In the nested soda bottles, there were two cricket comrades, medium size, who’d fallen for the lure. They would fit out the neck of the bottle. I didn’t want them to get a good look at me, didn’t want them to blame me for their fate, so I held the trap behind me as I carried it upstairs. I could feel the crickets jumping around inside, even from behind — and then I thought of Guy again, telling me not to look down when I was on my bike. Don’t think about it, I told myself. That was the trick.
“Two feeders for you,” I told her. “For you from me. I did it myself.” I pulled back the screen top, held the bottle, and unscrewed the cap. Don’t think about it. I shook it quickly and the crickets shot out and I closed the screen as fast as I could. The cap had fallen in, but I could get that later.
“Now stalk,” I said to her.
But she didn’t try to hunt them. She just sat there.

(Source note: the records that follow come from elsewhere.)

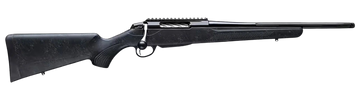 Tikka T3x Roughtech Ranch 350 Legend 16" 10+1 Bolt-Action Rifle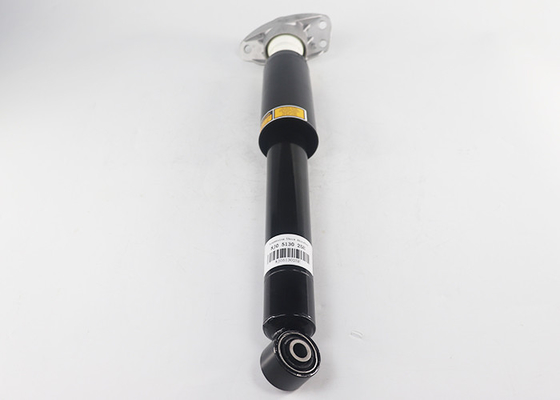 8J0513025B 8J0513025A Adapté Audi TT MKII TTS TTRS 07-15 Audi A3 S3 2009-13 Amortisseur arrière avec commande magnétique.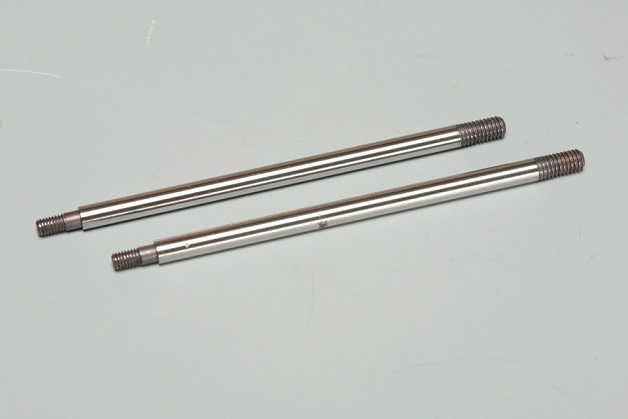 MUGEN/ムゲン (B)B0431 3mmコーンワッシャー MBX7/6 MUGEN/ムゲン (B)B0431 3mmコーンワッシャー MBX7/6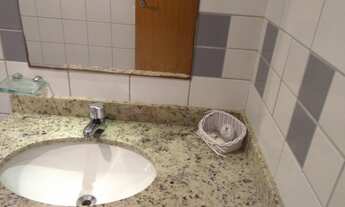 Imagem 6: Flat para venda com 28 metros quadrados com 1 quarto em Caminho das Árvores - Salvador - B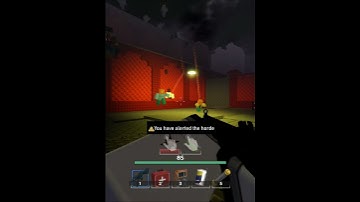 how to get yourself killed in doomed 2 die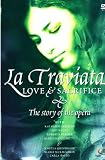 La Traviata - The Story of the Opera [2001] [DVD]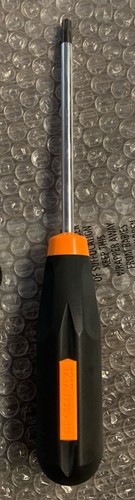 Beta 1217 tx30x115 cacciavite - tx30x115,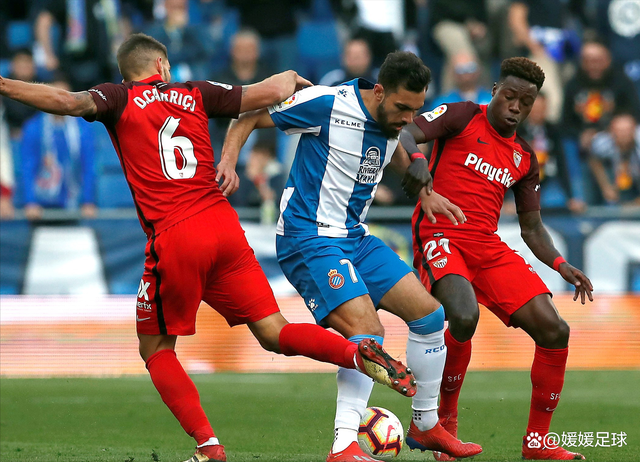  西甲赛程吃紧；费内巴切训练课后完成体检；媒体盛赞；纪律约束更严格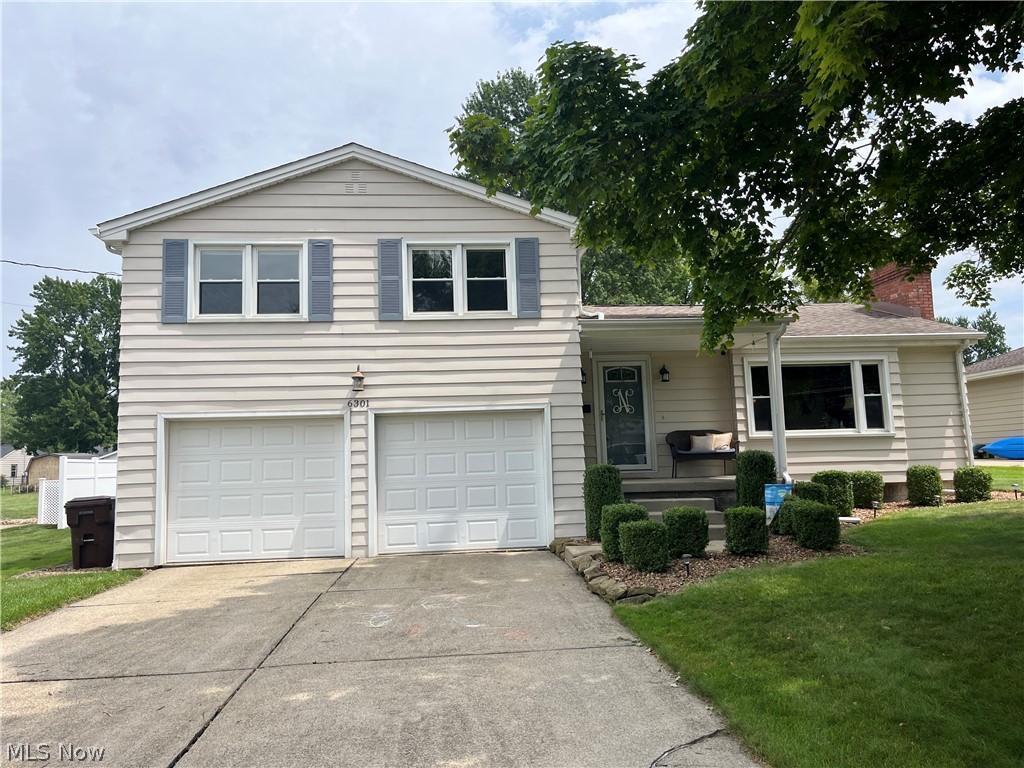 6301 Apache Lane Poland OH 44514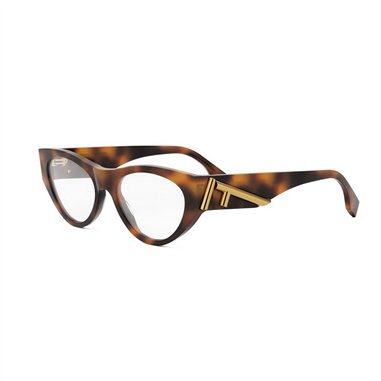 Fendi First FE50092I 053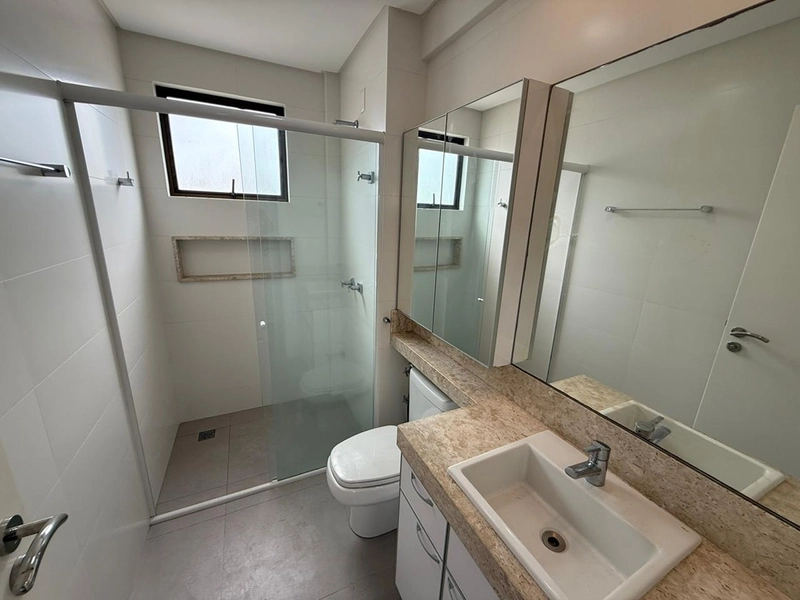 null: 13ª foto da galeria de imagens do imóvel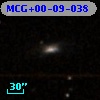 MCG+00-09-038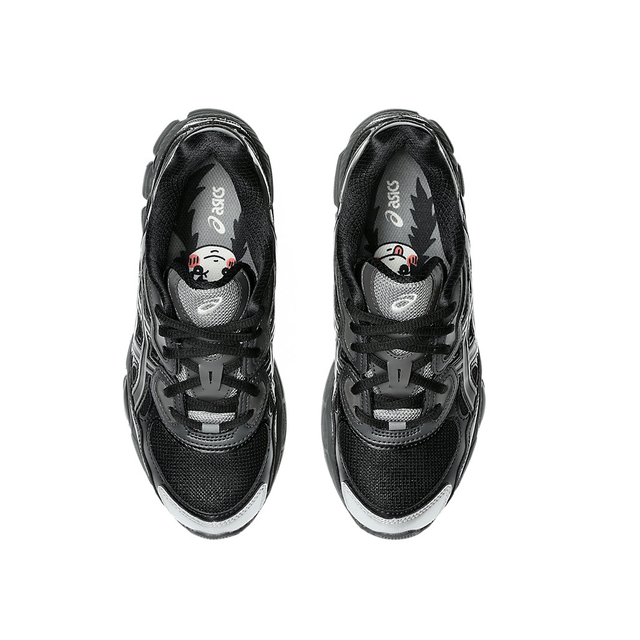image product content 4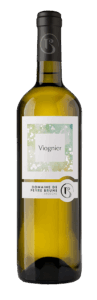 Viognier
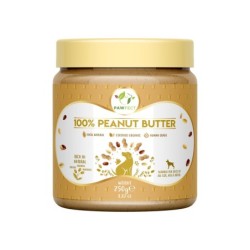 Pawfect - Peanut Butter -...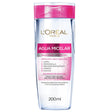 PLENITUD HIDRA TOTAL 5 AGUA MICELAR 5EN1 200ML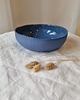 miski i misy Miska ceramiczna - UNIKAT 1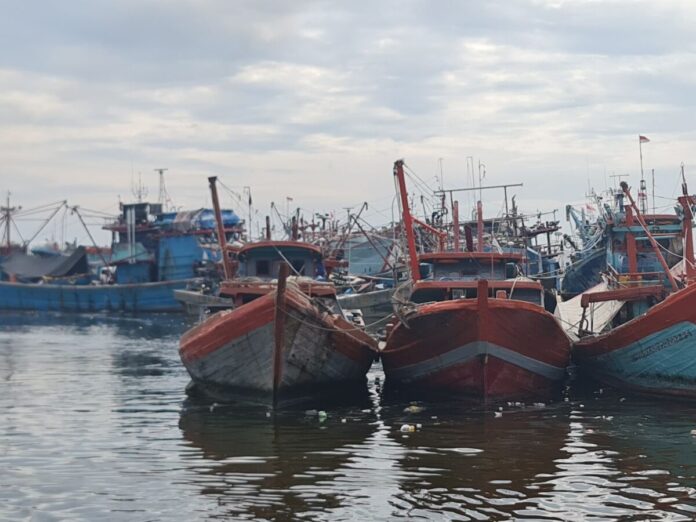 7a18ec5b5e81014b4bbed5228aad76e8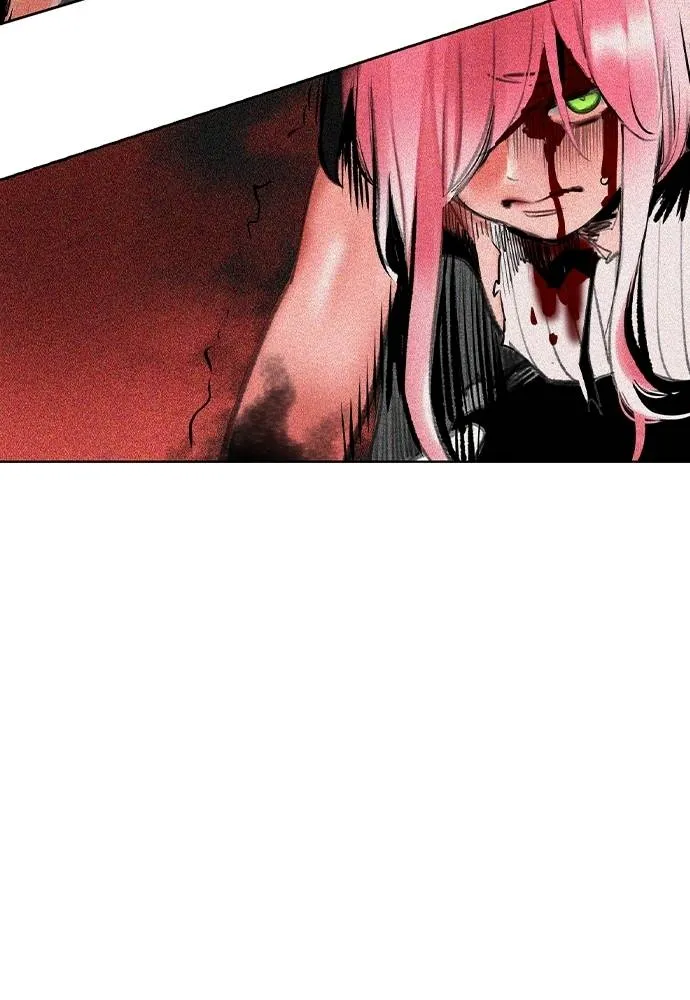 Jungle Juice ตอนที่ 138 รูปที่ 131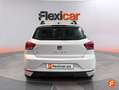 SEAT Ibiza 1.0 MPI S&S Reference 80 Blanco - thumbnail 7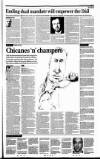 Sunday Tribune Sunday 26 January 2003 Page 15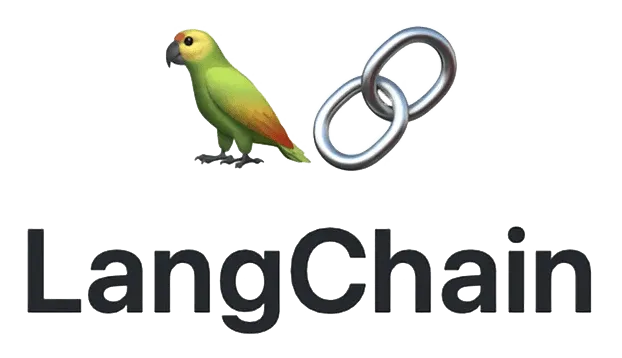 Lang_Chain_c86191e867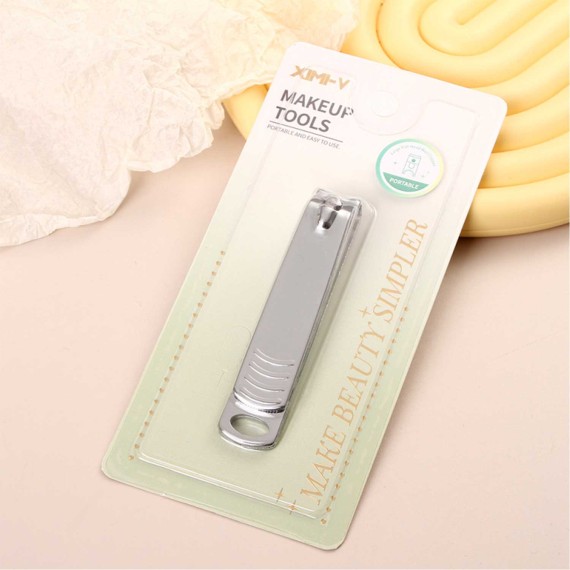 Уход за телом XIMI 6941963927727 NAIL CLIPER (927727)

“You don’t want my crickets?”
She sat.
“We made a deal,” I said. “Why won’t you eat?”
She watched me.
“I wanted to see the flowers,” I told her. “Is that so bad? I wanted to see them with Guy.” And I was back on Witchett Road and the car was coming and coming and coming and I couldn’t stop it. I couldn’t go back and make it not happen. I couldn’t walk instead of ride, and the spokes started spinning spinning spinning spinning inside my head, screaming, spinning spokes spinning faster FASTER FASTER —
Breathe.
I could hear my dad. Remember to breathe. And I took a breath, long and slow and deep, and the world paused. . . .
Slow down, spokes.
And the spokes slowed down.
“Do you think you can love me?” I asked as she sat there not hunting. She didn’t look up.
“How do I do this?” I said. “How do I get you to eat?”
Matylda came over, still not eating the feeders
but looking at me, questioning me.
“I need your help,” I said. Her eyes stayed on me. “Please,” I said, meeting her gaze. “Tell me what to do. I need to know what to do.”
At the table with my parents, I pushed my fork around my plate, because it was my first summer in five years, half of my life, without Guy, and I didn’t want food — I was like Matylda that way. There was nothing to do that would change anything, but a silent meal was worse than talking.
Fortunately, we had the cricket traps.
“The evidence is mounting,” my dad said. “Baby carrots may be sweeter than apples. I catch more crickets with them.”
“I don’t believe it,” I said.
“The crickets like them better,” said my dad.
“You mean,” my mom added, “that baby carrots attract more crickets. That doesn’t necessarily mean they’re sweeter.”
“They probably like the color better,” I said, joining in again, saying something. But it was hard to keep up, because the color of carrots was orange, and orange was the color of Guy’s polo shirt, the one he had on. . . .
I looked down at my plate and didn’t look up, ’cause they might see my head full of spokes spinning spinning spinning . . .
Spokes, go away. Go on. GO GO GO GO GO GO GO GO GO GO GO GO so loud in my head —
BREATHE! I commanded myself.
I didn’t want my parents to know how loud it was —
I breathed, long and slow.
Stay down, spokes STAY DOWN!
Now talk.
“Maybe we should try figs,” I said. We had a fig tree on the deck. They turned deep purple when they were ripe.
“They’ll love figs,” my dad said. “What a good idea. Who couldn’t love the fruit that makes Fig Newtons?”
“Then the cricket might taste like figs,” my mom said.
“A fig-flavored feeder!” I said.
“And we can try pears,” my dad added. “Let’s do pears, too.”